In terms of therapeutic implications, it’s been incredibly exciting to see novel therapies finally approved for blood cancers, making genomic testing even more relevant and changing the disease trajectory for many patients. Genomic testing can provide physicians with clinically actionable information to help with diagnostic classification, prognostic assessment, and targeted therapeutic selection. Test results can provide information about clinically relevant alterations, potential targeted therapies, and available clinical trials. As more options for personalized cancer care and personalized clinical trials become available, comprehensive genomic profiling could have the greatest clinical benefit when used to guide therapy decisions early in the treatment process.
2. How will genomic testing positively impact blood cancers in the short term?
Patients already have access to genomic testing for blood cancers. FoundationOne®Heme, for instance, is a clinically available test validated to detect four classes of genomic alterations (including copy number alterations and rearrangements) in more than 400 genes, available since 2013. It has proven particularly valuable for patients with rare alterations that wouldn’t otherwise be detected by conventional hotspot tests. As more targeted medicines become available for blood cancers, the complexity of the treatment landscape means genomic testing can help clarify the right treatment for each patient, based on the alterations present in their tumor.
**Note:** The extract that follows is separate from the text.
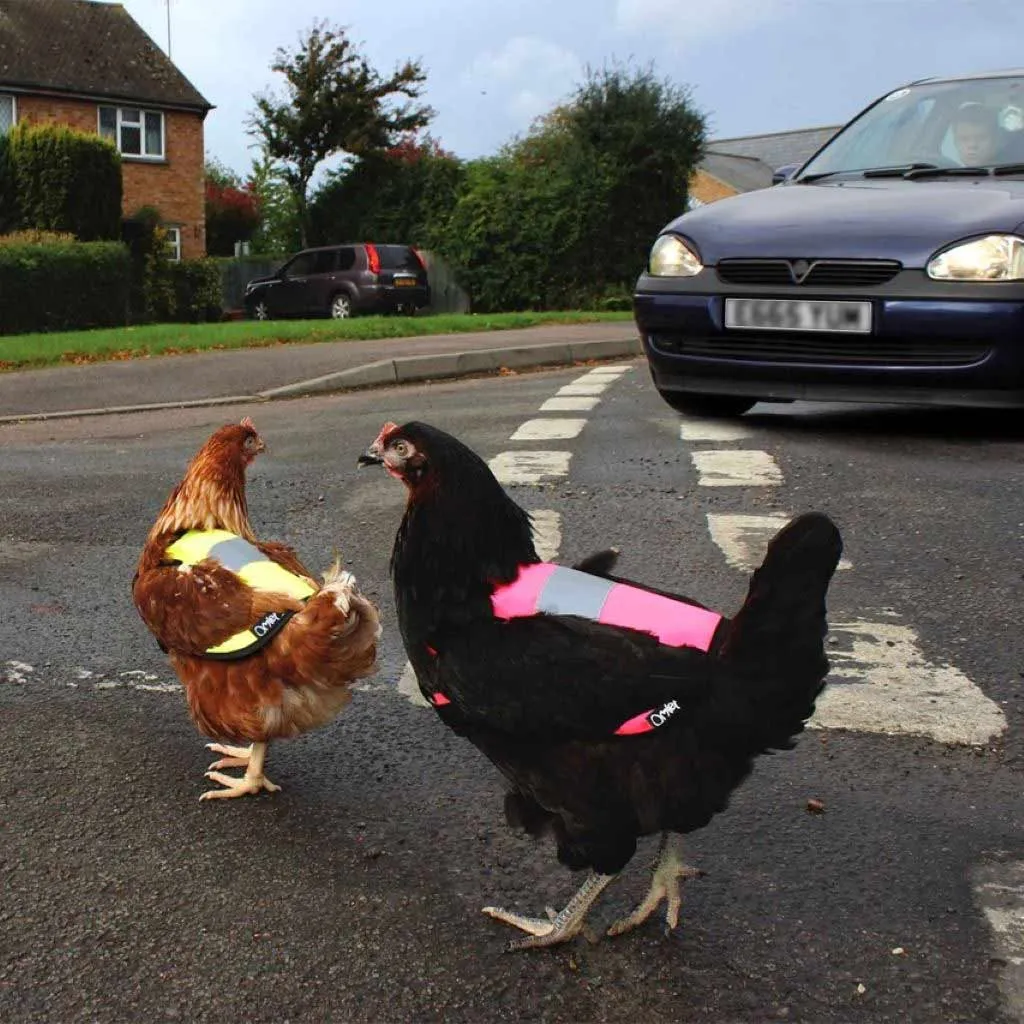 Hi-Vis Chicken Jackets | Omlet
3. What are the challenges currently facing genomic testing?
One challenge is education. Many oncologists, pathologists and patients still lack a basic understanding of genomics and the potential value that genomics can bring to clinical practice. As we identify more clinically relevant alterations, a better understanding of genomics and the clinical applications of different biomarker tests is critical.
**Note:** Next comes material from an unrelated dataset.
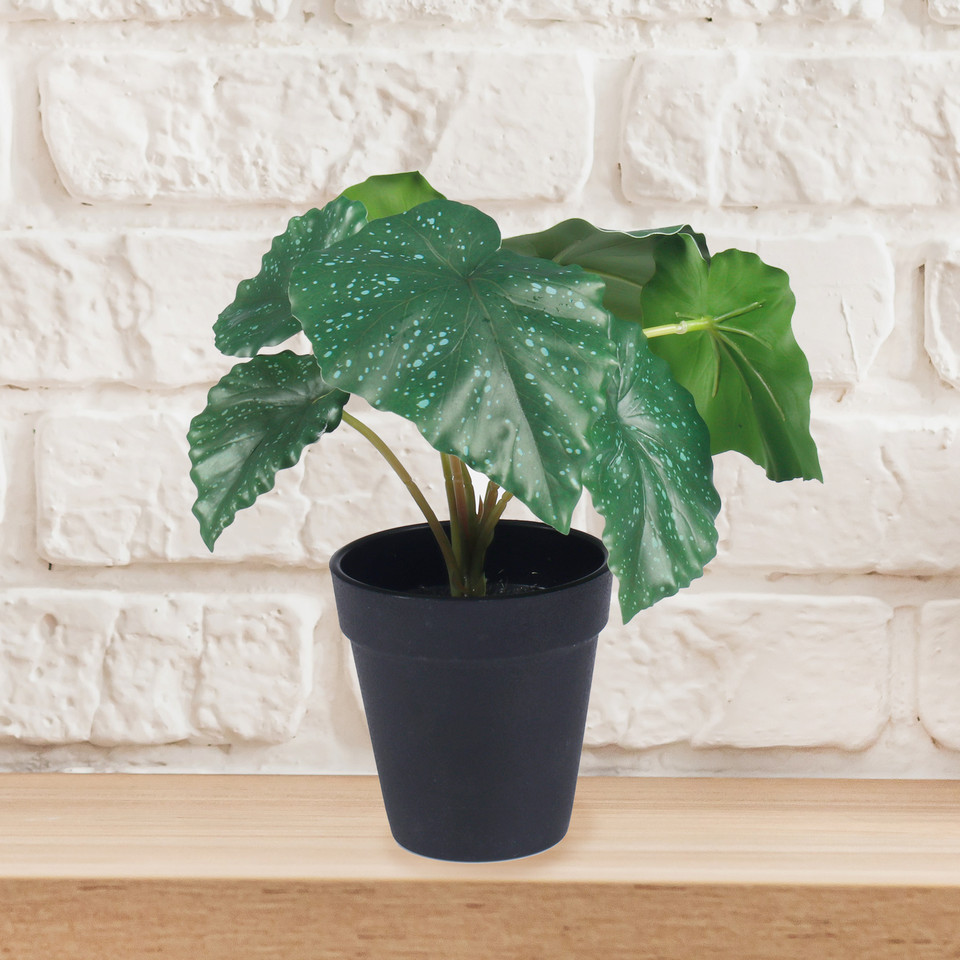 Begonia w doniczce, Green Z206-01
Another challenge continues to be poor accrual to clinical trials. Genomic testing can be a portal to inform clinical trial enrollment and awareness for both clinicians and patients. There are several umbrella studies ongoing, including the BeatAML Master trial run by the Leukemia and Lymphoma Society, that are helping to advance research and precision medicine options for patients.
As the field of precision oncology rapidly advances, we continue working with partners across industry and academia to understand the biology of blood cancers, differentiate driver from passenger alterations, and create frameworks for actionable decision-making.
4. What are possible solutions to these challenges?
Clinical trials are critical to advancing precision medicine in blood cancers. With treatment options currently in the pipeline, continued research is vital to move these treatment options forward toward availability for patients. We need to continue awareness of and increased participation in clinical trials so that we can continue to learn from these, and particularly those with uncommon cancers. Broad collaboration is critical for success here. A recent example where we’ve collaborated to deliver better results for AML patients specifically is in the context of a collaboration with the Leukemia and Lymphoma Society on the Beat AML Master trial. Emerging results from this collaboration, presented at the annual ASH meeting this year in Orlando, demonstrate feasibility of implementing broad NGS panels like the FoundationOne®Heme for rapid precision medicine trials enabled by comprehensive genomic profiling in older AML patients.
A commitment to basic research is also steadily advancing our understanding of blood cancers. By studying large patient populations, we can identify genomic patterns and insights that clarify diagnostic and prognostic questions.